----- Dataset records -----

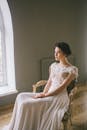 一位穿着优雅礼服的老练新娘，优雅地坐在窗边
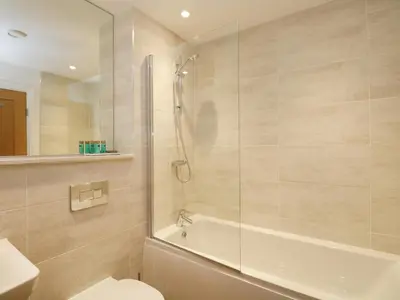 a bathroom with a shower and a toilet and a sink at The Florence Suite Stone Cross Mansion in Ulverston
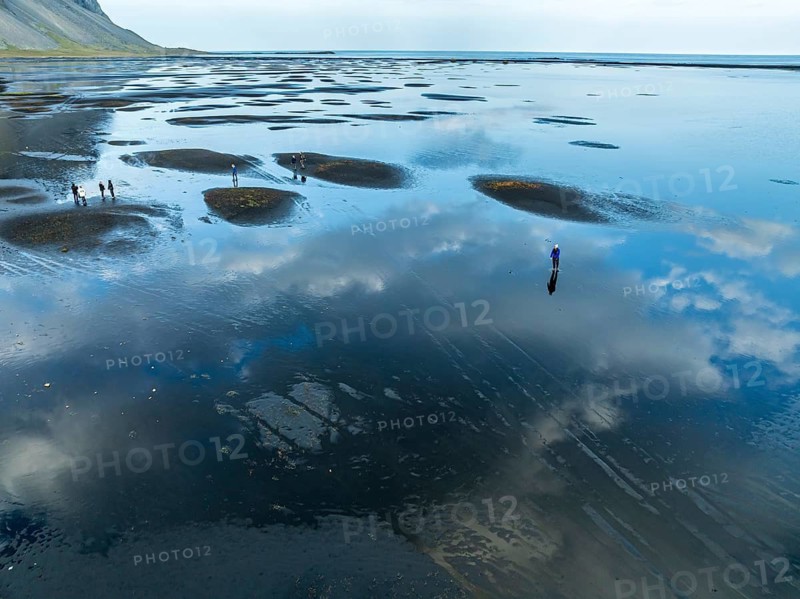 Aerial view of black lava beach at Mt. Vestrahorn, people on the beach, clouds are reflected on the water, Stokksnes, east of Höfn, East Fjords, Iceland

-----
----- Dataset records -----

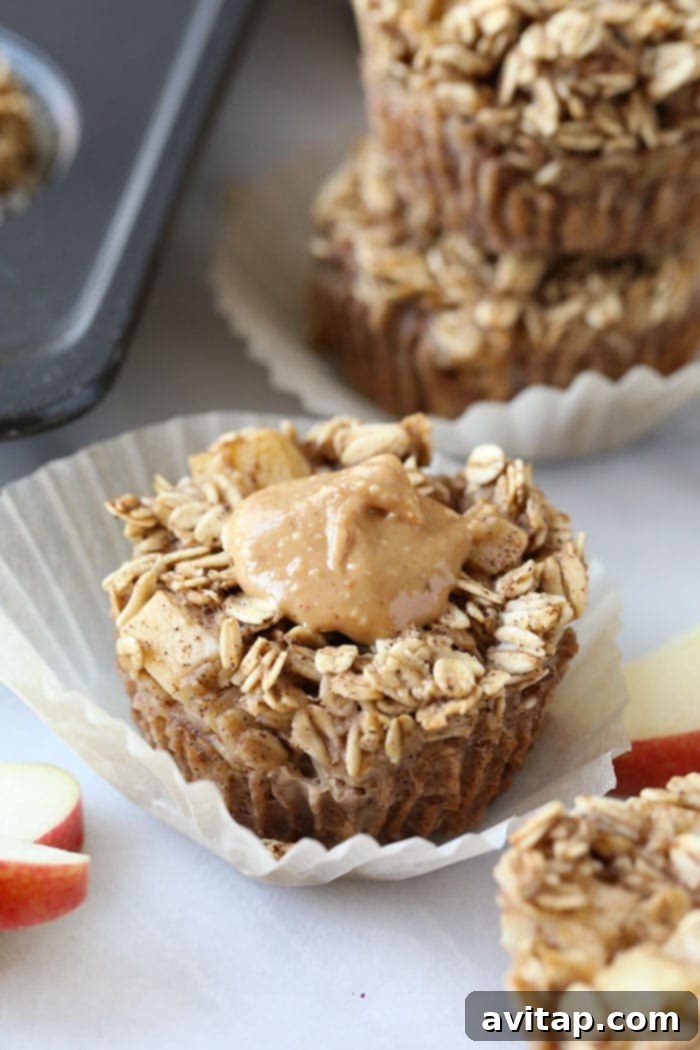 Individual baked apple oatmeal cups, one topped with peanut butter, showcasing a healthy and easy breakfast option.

-----

Brief
Return exactly the part of the listing above that opens with the line containing "一位穿着优雅礼服的老练新娘，优雅地坐在窗边" and closes with the line containing "Aerial view of". Pictures stay out.

Response area
 一位穿着优雅礼服的老练新娘，优雅地坐在窗边
 a bathroom with a shower and a toilet and a sink at The Florence Suite Stone Cross Mansion in Ulverston
 Aerial view of black lava beach at Mt. Vestrahorn, people on the beach, clouds are reflected on the water, Stokksnes, east of Höfn, East Fjords, Iceland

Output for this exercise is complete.